As perspectivas para 2021 já eram de que houvesse novos investimentos por parte dos entes públicos para expansão, melhorias na segurança e diminuição da poluição, o que, com o avanço da vacinação da população e retorno das atividades de comércio e turismo deve se manter para o próximo ano. As concessões também estão nas expectativas de investimentos do governo federal em 2022, tanto de monotrilhos quanto de metrôs.
É nesse contexto que se insere o "Programa Pró-Trilhos" do governo federal, que incita a expansão da malha ferroviária no Brasil via outorga com autorização. Ele atingiu, em novembro deste ano, previsão de R$ 100 bilhões de investimentos. Até o momento, foram apresentados 23 requerimentos por 12 empresas investidoras, dos quais 19 já foram encaminhados à Agência Nacional de Transportes Terrestre (ANTT) para análise.

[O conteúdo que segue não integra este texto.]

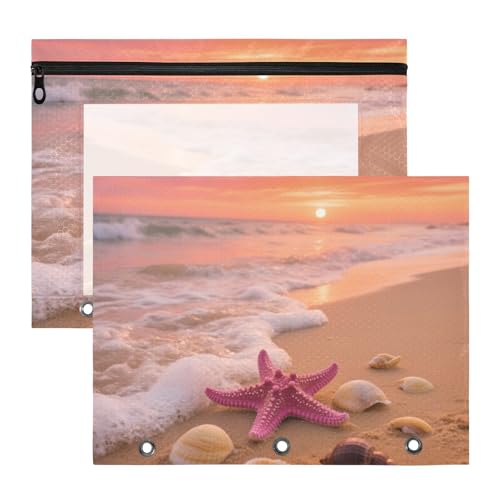 Federmäppchen, stabile Tasche mit 3 Löchern, für 3 Ringe, 2 Stück, Lehrer, College, Zubehör, Sonnenuntergang, Strand, Landschaft, Seesternmuscheln Federmäppchen, stabile Tasche mit 3 Löchern, für 3 Ringe, 2 Stück, Lehrer, College, Zubehör, Sonnenuntergang, Strand, Landschaft, Seesternmuscheln von EtherSpher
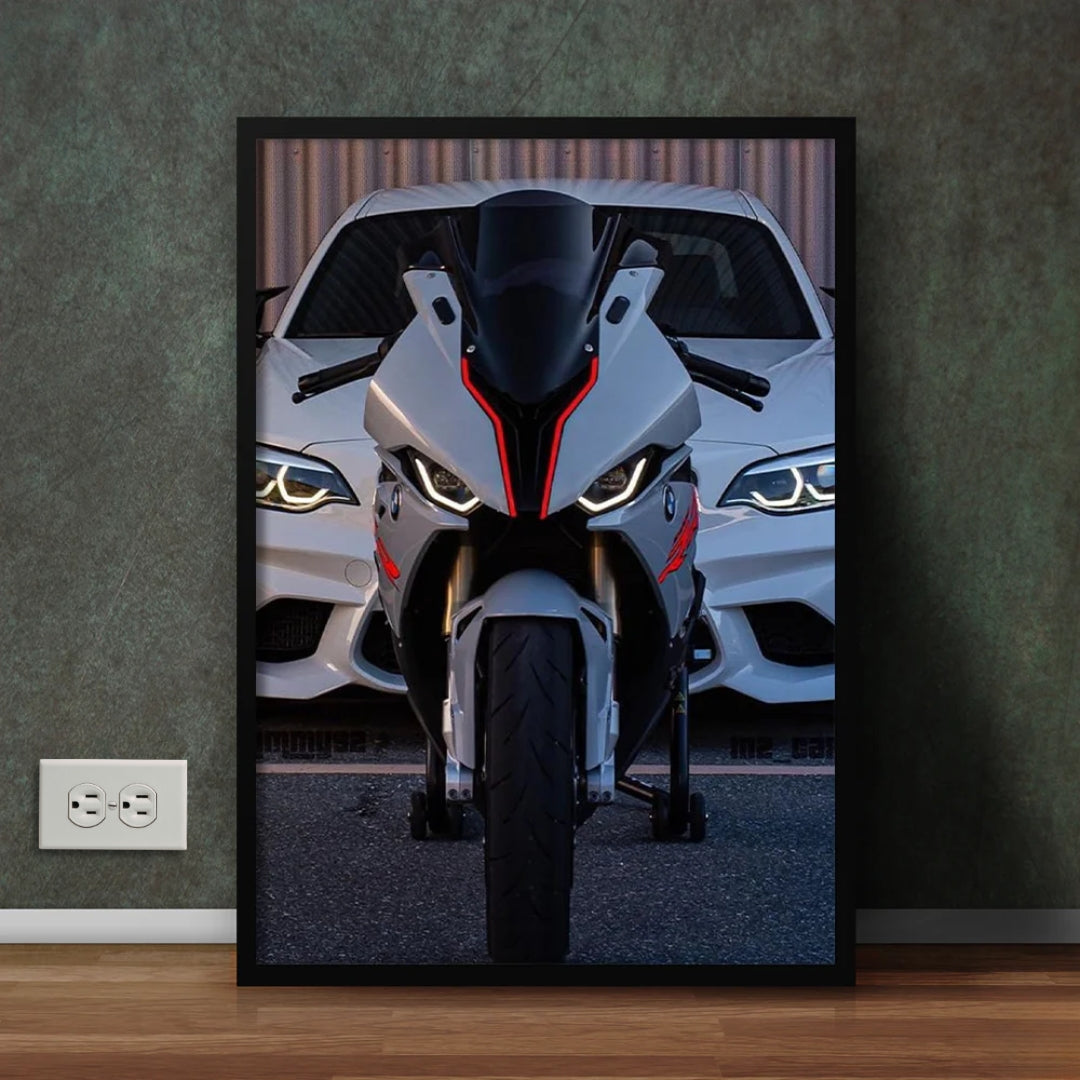 White BMW Bike & BMW Car Wall Art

Além dos planos de expansão, há grande expectativa de que o setor ferroviário - público e privado - invista em melhorias para a redução da poluição gerada até 2030, no intuito de cumprir as metas colocadas pela COP-26, 26ª Conferência das Nações Unidas sobre as Mudanças Climáticas.
Durante o encontro anual realizado pela Convenção-Quadro das Nações Unidas sobre Mudança do Clima (UNFCCC) com representantes de diversos países com intuito de debater as mudanças climáticas no mundo, foi definido que, até 2035, o uso de veículos que utilizam como matriz energética a queima de derivados de petróleo deveria ser superado. Assim, no intuito de cumprir a citada meta e criar uma matriz de transporte "verde", o Brasil apresentou três planos de concessão de ferrovias - Ferrovia de Integração Oeste-Leste (Fiol), Ferrovia de Integração do Centro-Oeste (Fico) e Ferrogrão - que tem como principal objetivo diminuir a quantidade de caminhões circulando nas rodovias e, consequentemente, reduzir a emissão de gás carbônico (CO2) na atmosfera.
Ainda, pouco antes da realização da COP-26, em junho de 2021, o Brasil passou a integrar o Coalition os Disaster Resilient Infraestructure (Coalizão para Infraestrutura Resiliente a Desastres - CDRI), organização criada durante a Cúpula do Clima de 2019, em Nova Iorque, que tem como objetivo o auxílio mútuo entre países na promoção de infraestruturas que sejam adequadas às mudanças climáticas. Com a entrada no Brasil no CDRI, já está em elaboração projeto da agência de fomento alemã GIZ (Deutsche Gesellschaft für Internationale Zusammenarbeit) com foco no desenvolvimento sustentável, com objetivo de mapear a vulnerabilidade dos transportes ferroviário e terrestre para posteriormente verificar onde há necessidade de ação imediata, o que pode auxiliar o país a cumprir as metas colocadas posteriormente pela COP 26.
Sabe-se que ainda há muitos desafios a serem enfrentados, mas o período pandêmico pode ter servido como uma possibilidade de se valorizar mais o potencial do transporte ferroviário, sendo que o Brasil tem grandes chances de ampliação do modal ferroviário e, principalmente, de regular uma matriz de transporte verde e sustentável.